PROBLEM STATEMENT :: Among the entries below, which lines run from the line with "Boy (6-7) climbing on bale of hay" through the line with "various baseballs and"? Retype those, both ends included, exactly and without pictures.

BEGIN RECORDS

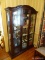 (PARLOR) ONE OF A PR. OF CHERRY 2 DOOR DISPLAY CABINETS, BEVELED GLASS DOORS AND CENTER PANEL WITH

END RECORDS
BEGIN RECORDS

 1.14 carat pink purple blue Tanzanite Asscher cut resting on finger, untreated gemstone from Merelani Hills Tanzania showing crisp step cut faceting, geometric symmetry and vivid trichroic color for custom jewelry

END RECORDS
BEGIN RECORDS

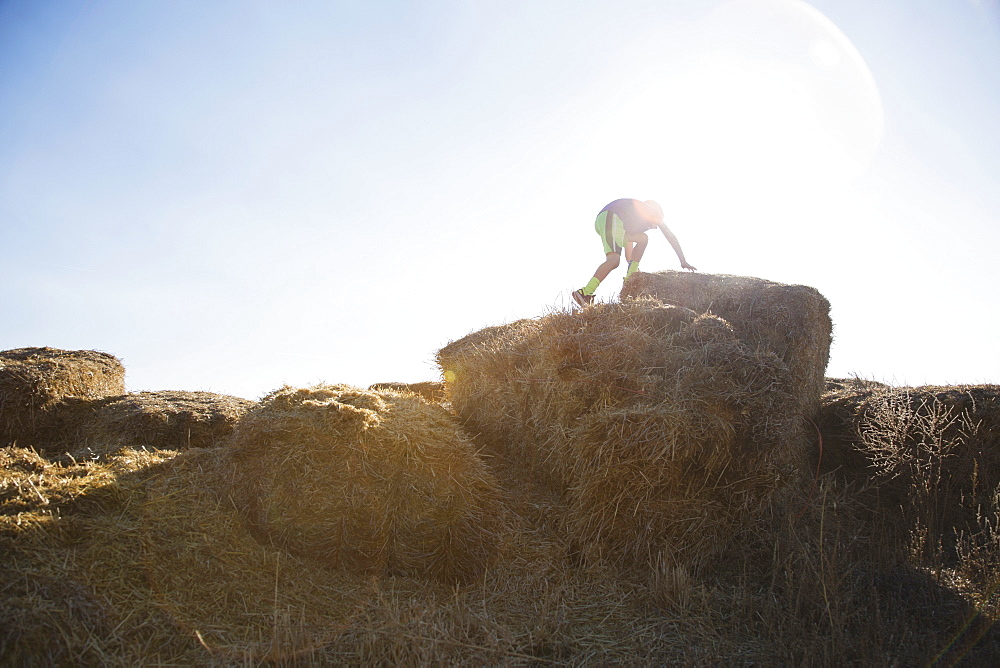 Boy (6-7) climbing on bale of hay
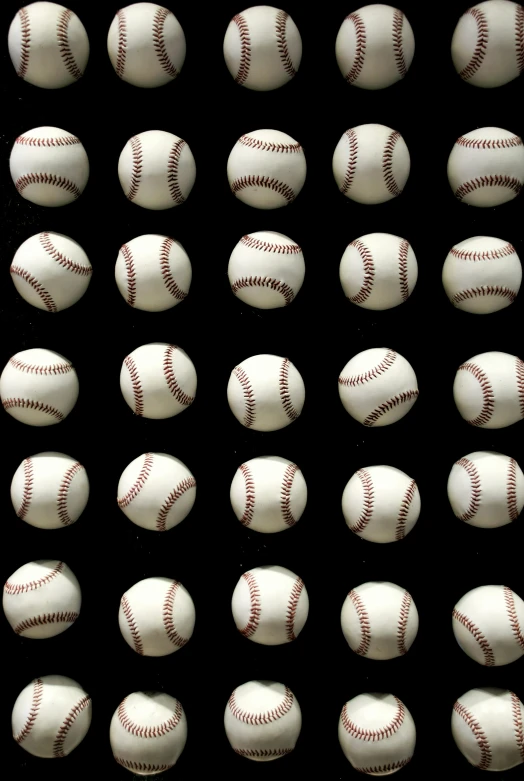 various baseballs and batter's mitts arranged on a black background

END RECORDS

RESPONSE BELOW ::
 Boy (6-7) climbing on bale of hay
 various baseballs and batter's mitts arranged on a black background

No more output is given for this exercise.